If you have teenaged children, you may be familiar with the amount of effort one person can put into finding ways to avoid doing something that they don’t want to do. Often, the energy my children have put into avoiding a task is an order of magnitude greater than the energy required to just do it right from the start. If you’re sensing a slight hint of frustration about this, I’m not surprised.
The trick I’ve found is to really highlight the amount of effort that is wasted.
The gymnastics coach I mentioned would continuously remind her students that good technique is creative laziness. She wasn’t just telling them to engage specific muscles for the fun of it. She wanted them to use perfect technique because that is the easiest way to achieve what you’re trying to do. Doing a pull up using your shoulders, back and core is significantly easier than trying to perform the same movement using just your biceps. Once you realise that, being too tired to do a movement properly doesn’t make sense because what you’re really saying is “I’m too tired to do this the easy way”.
Initially, like the gymnastics students, you might need someone to point out the ways in which you’re not being optimally efficient. Initially, like the teenager, you might be reluctant to recognise that your ‘lazy’ option is actually more work. Once you start really thinking about the way you’re approaching tasks, and the principles behind what you’re doing, you can often see opportunities for creative laziness.
Creative laziness isn’t about trying to fit more into your day or always pushing harder and faster. Rather, it’s about taking the things you already want to be doing and making them easier to achieve.
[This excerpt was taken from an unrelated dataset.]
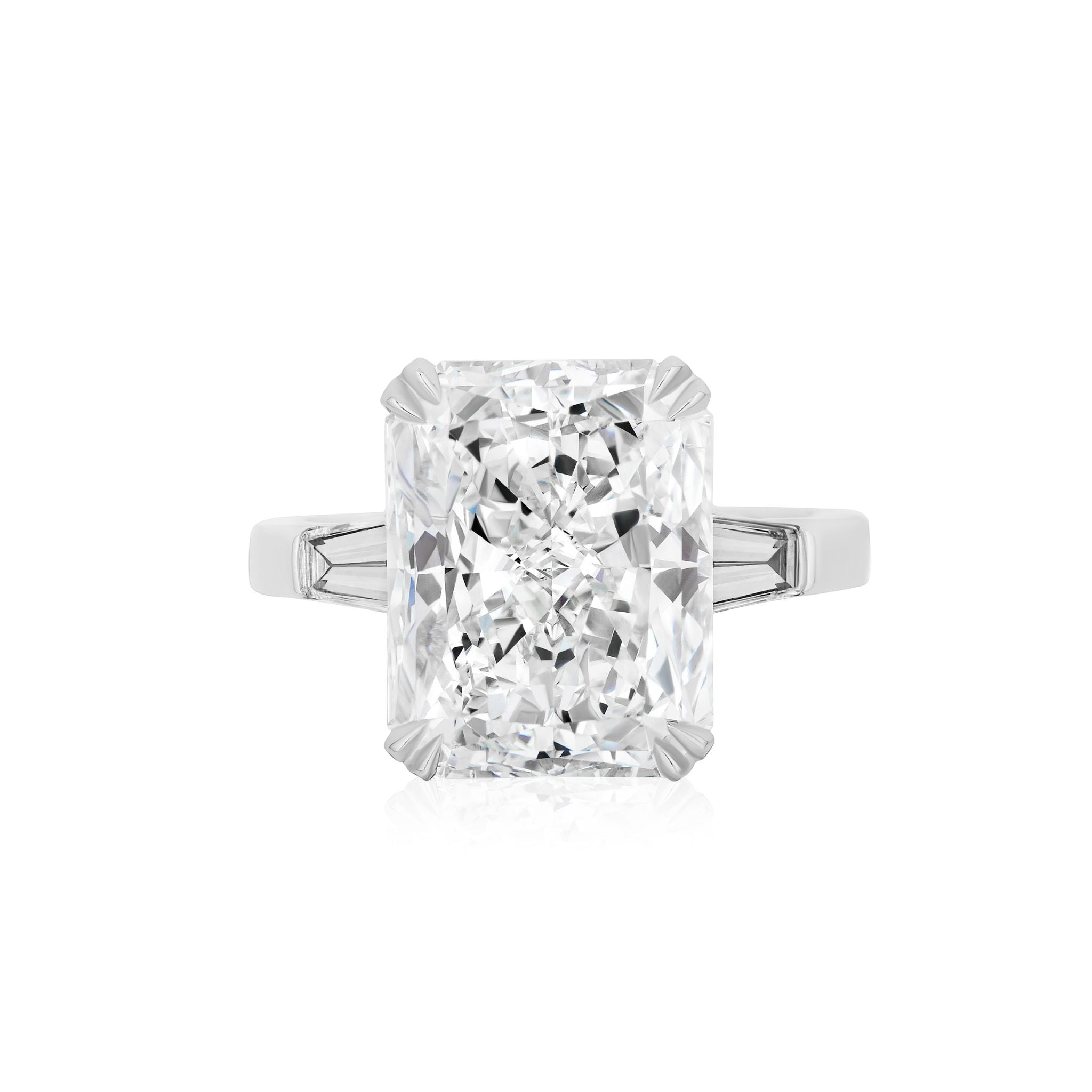The Radiant Cut Diamond Engagement Ring with Tapered Baguettes features a rectangular radiant-cut center diamond flanked by tapered baguette side stones, set on a sleek, polished platinum band and displayed against a white background.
For me, this involves 3 main questions…
Am I using the right tool for the job?
In the case of exercise, this would be about whether you’re using the right muscles and the correct range of motion to give yourself the best possible chance. At work, this might be about asking myself whether this is actually a task that I ought to be doing myself or whether it could potentially be outsourced or even automated.
Am I performing tasks in the correct order?
If I ask the kids to clean the kitchen, there’s a reasonable chance that they’ll sweep or hoover the floor but almost no chance that they’ll wipe down the work surfaces. When they’re reminded to clear up the crumbs, these will be swept onto the floor, undoing all of the good work done so far. If I’m making tea for myself and coffee for my wife, it’s more efficient to start the coffee machine before boiling the kettle for my tea, as coffee takes longer to make. Most of us are used to this kind of project management planning in our work lives, but making this kind of question automatic is an essential part of making ‘creating good habits’ into a habit.
Is there a better way to achieve my goal?
Sometimes we can get so wrapped up in streamlining our current process for accomplishing a task that we don’t take a step back and wonder whether there might be a better way. Being ready to throw out all of our preconceptions and being open to radical suggestions is key to allowing good habits to appear by themselves.
And that’s why I’m throwing out my preconceived ideas of making the tea and coffee myself. Instead, I’ll spend a little time teaching the kids how to make the perfect cuppa and then buy a little bell. I just hope they don’t get too creative with their laziness!